Chapter 8 Multilevel Modeling of Means
8.2 Movie Ratings Study
Table 10.1 gives summaries of the ratings for eight different animation movies. The table includes the number of ratings, the mean and the standard deviation of the ratings. The data is contained in the data frame animation_ratings
in the ProbBayes
package.
8.3 The Multilevel Model
Sampling
Let \(y_{ij}\) denote the rating of the \(i\)th individual for the \(j\)th movie.
We assume that \(y_{ij} \sim N(\mu_j, \sigma)\).
Prior
The parameters \(\mu_1, ..., \mu_8\) represent the mean ratings for the eight movies. Write \[ \mu_j = \beta + \gamma_j \]
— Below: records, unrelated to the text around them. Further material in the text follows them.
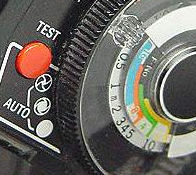 310section.jpg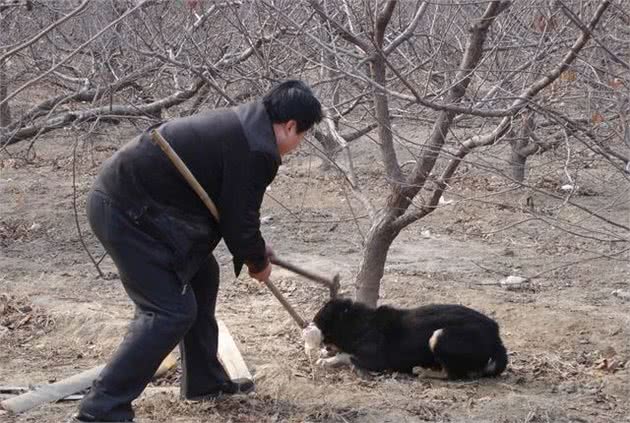 细解狗子忠诚，你会发现它们的忠诚并不是唯一，希望你得到其死忠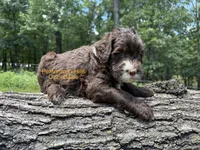 Ozzie AKC, a male Portuguese Water Dog for sale in Big Cabin, OK – 1 of 3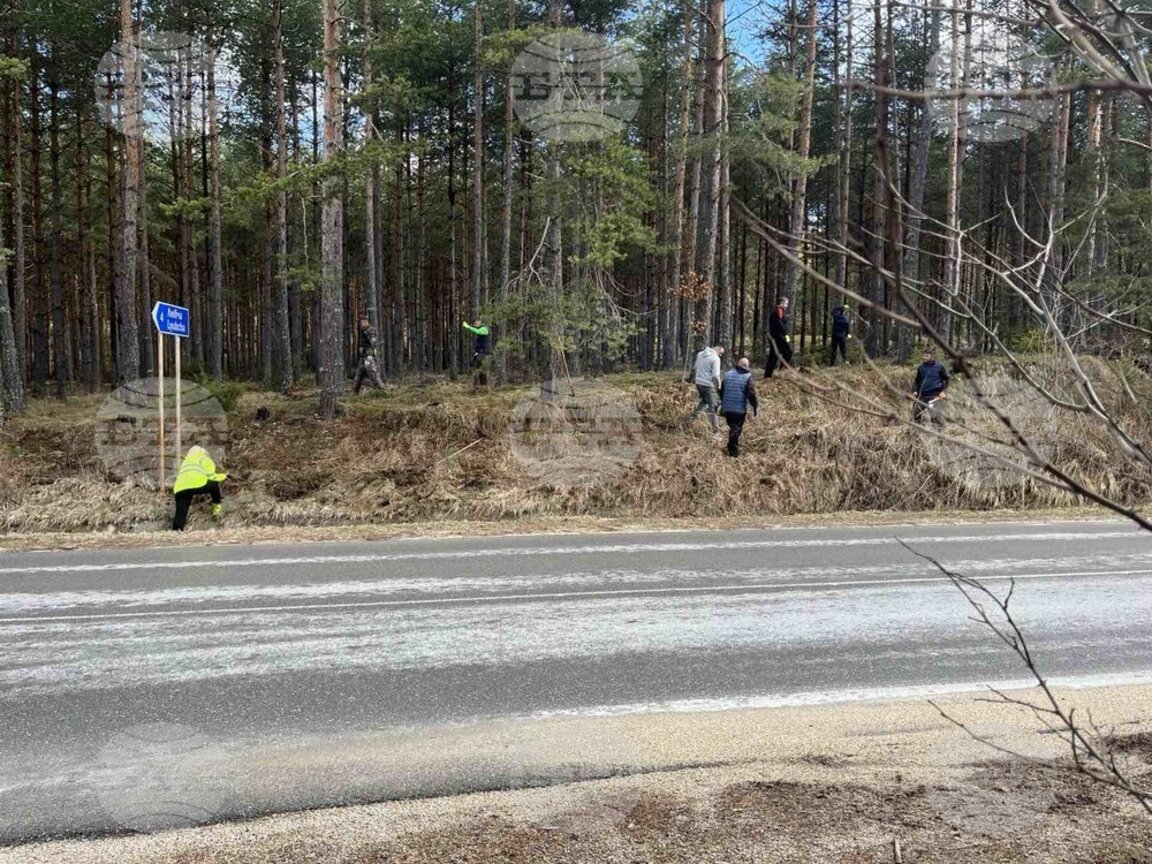 Доброволци работят за по-добра среда в община Доспат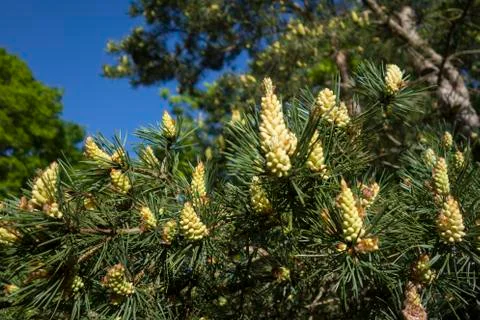 Fresh spring growth Stock Photos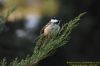 Coal Tit at Hadleigh Downs (Richard Howard) (57250 bytes)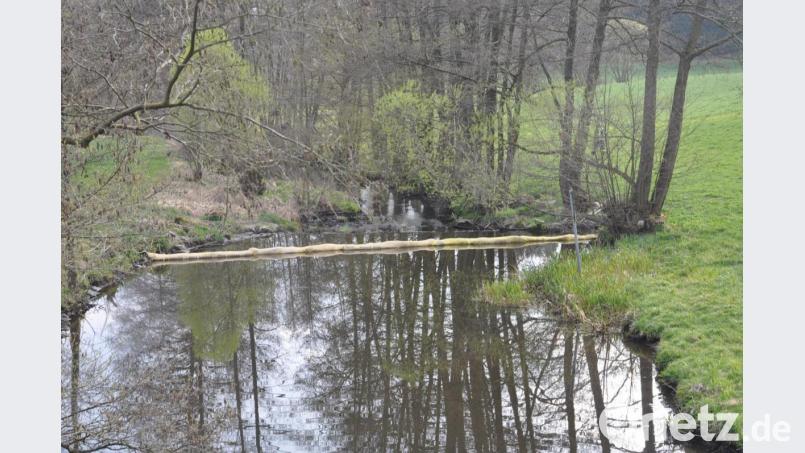 Mehr als 20 Feuerwehrkräfte rücken am Freitag bei der Kainzmühle an, um eine Ölsperre in der Pfreimd zu errichten. Wegen eines technischen Defekts an einem Wasserschieber gelangt Hydrauliköl in das fließende Gewässer. Bild: dob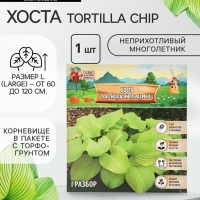Хоста Tortilla Chip, корневище в пакете с торфогрунтом, р-р I, размер L,1 шт.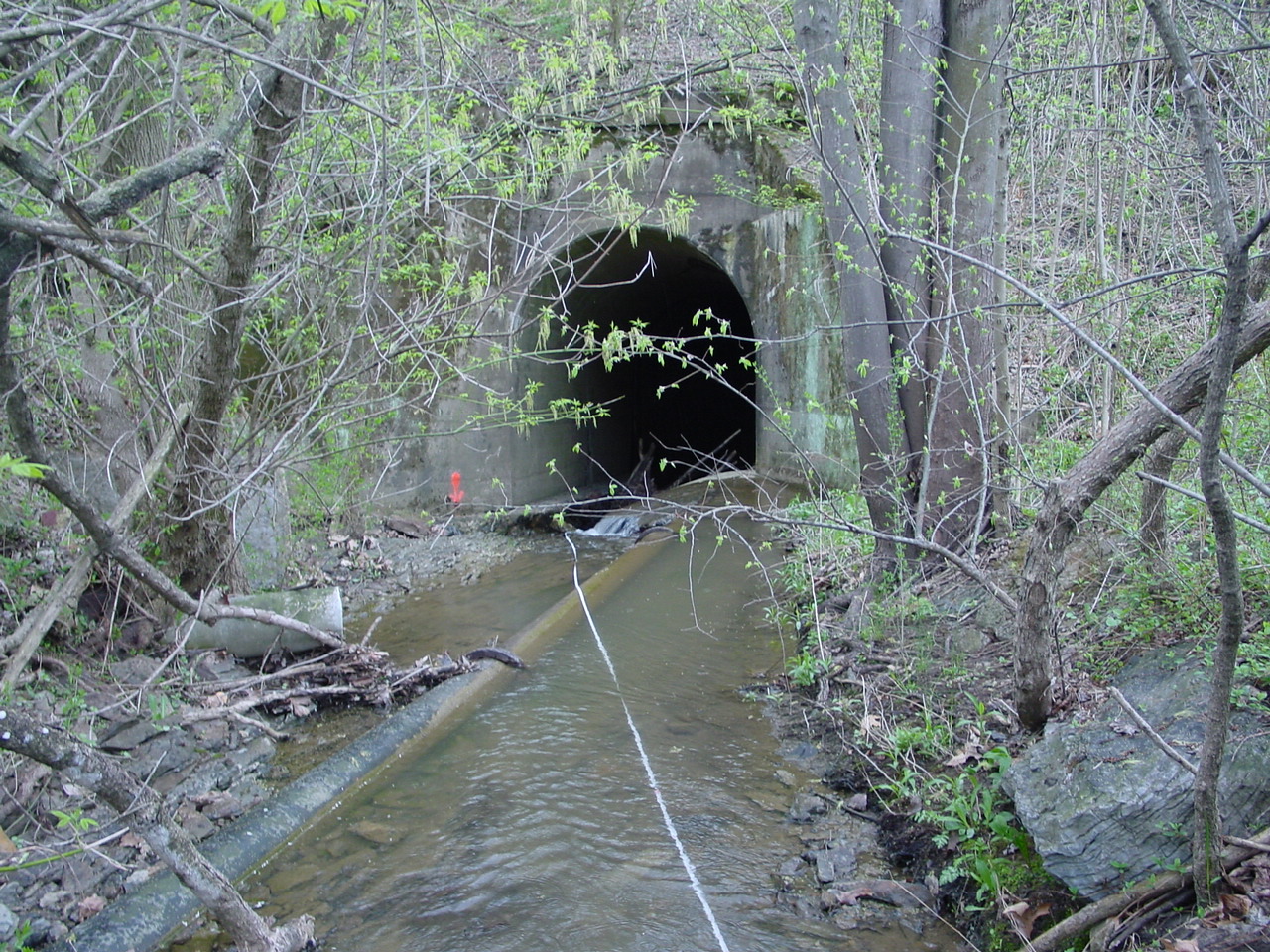 Field photo showing stream conditions at site COCA-101-N-2003-1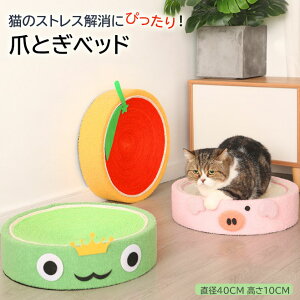 ypet364zL ܂Ƃxbh ܂Ƃpbh ܂ƂV[g  L x ϋv L\t@  |Cg5{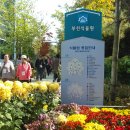 오정식물원 이미지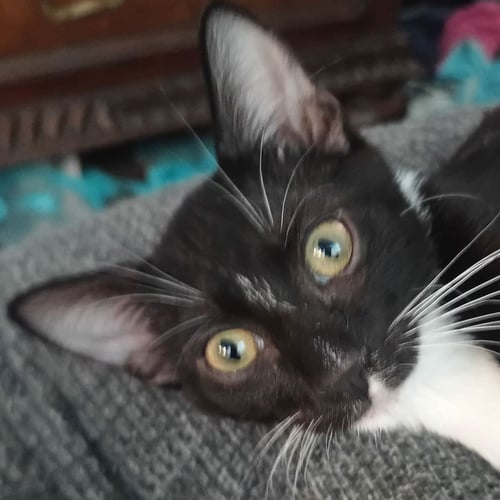 CHARLES-HADEN SAVAGE - Domestic Short Hair for adoption in St. Petersburg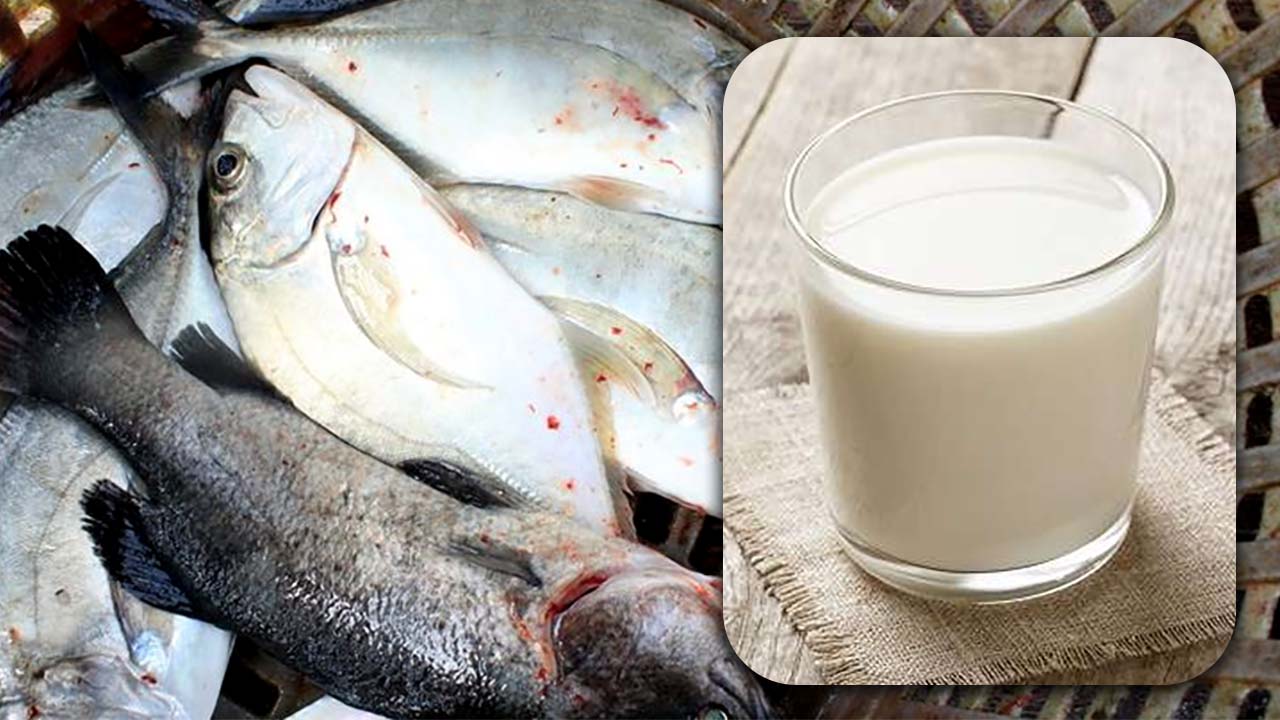 Proses Pembuatan Susu Ikan yang Memiliki Segudang Manfaat bagi Kesehatan 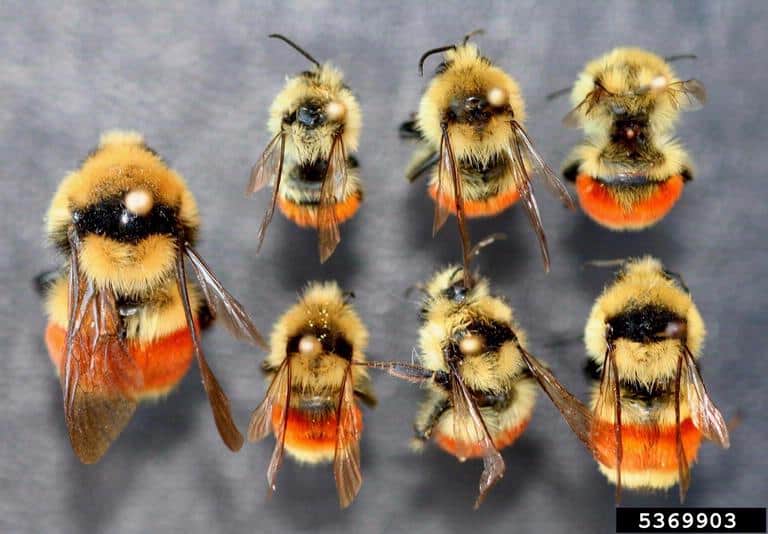 How To Get Rid Of Bumble Bees - How To Get Rid Of Bumble Bees Naturally 4 Simple Methods Pest Wiki - It can act as a sucker as well as the blower.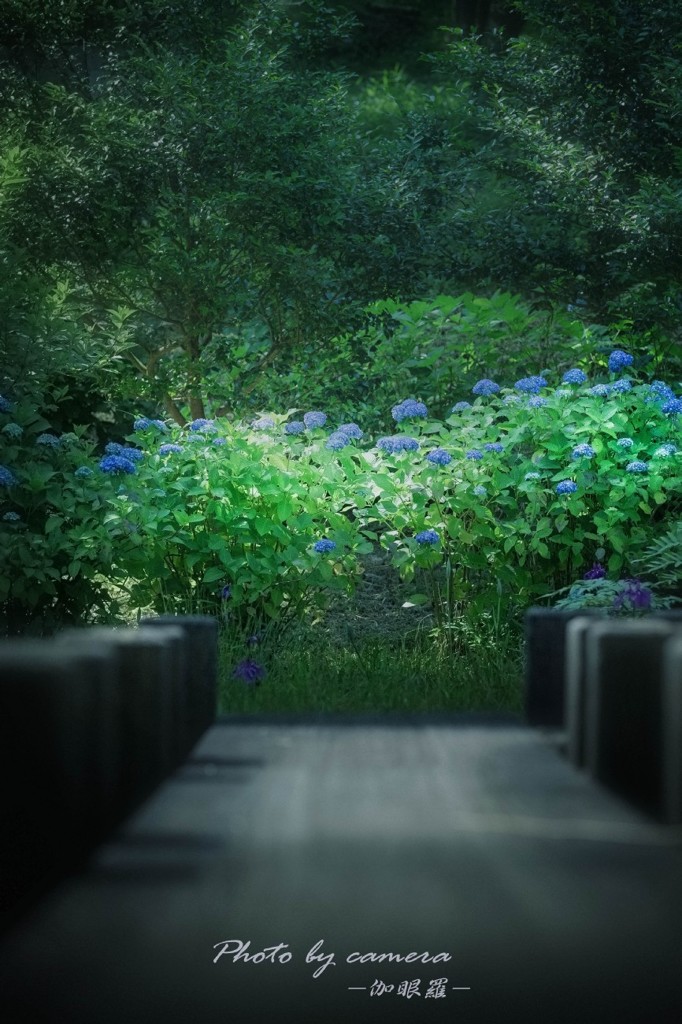 紫陽花の咲く頃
The intercept parameter \(\beta\) has a student t distribution with mean 4, scale parameter 2.5, and 3 degrees of freedom.
We assume the effect parameters \(\gamma_1, ..., \gamma_8\) have a normal distribution with mean 0 and standard deviation \(\tau\).
There are two standard deviations, the sampling standard deviation \(\sigma\) and the between-means standard deviation \(\tau\). Each of these standard deviations are given weakly informative student t distributions with mean 0, scale 2.5 and 3 degrees of freedom.
8.4 Bayesian Fitting
The model is fit by use of the brm()
function. By default, this function assumes a Gaussian (normal) sampling distribution. The “(1 | movieID)” argument indicates that the \(\mu_1, ..., \mu_8\) have a random distribution.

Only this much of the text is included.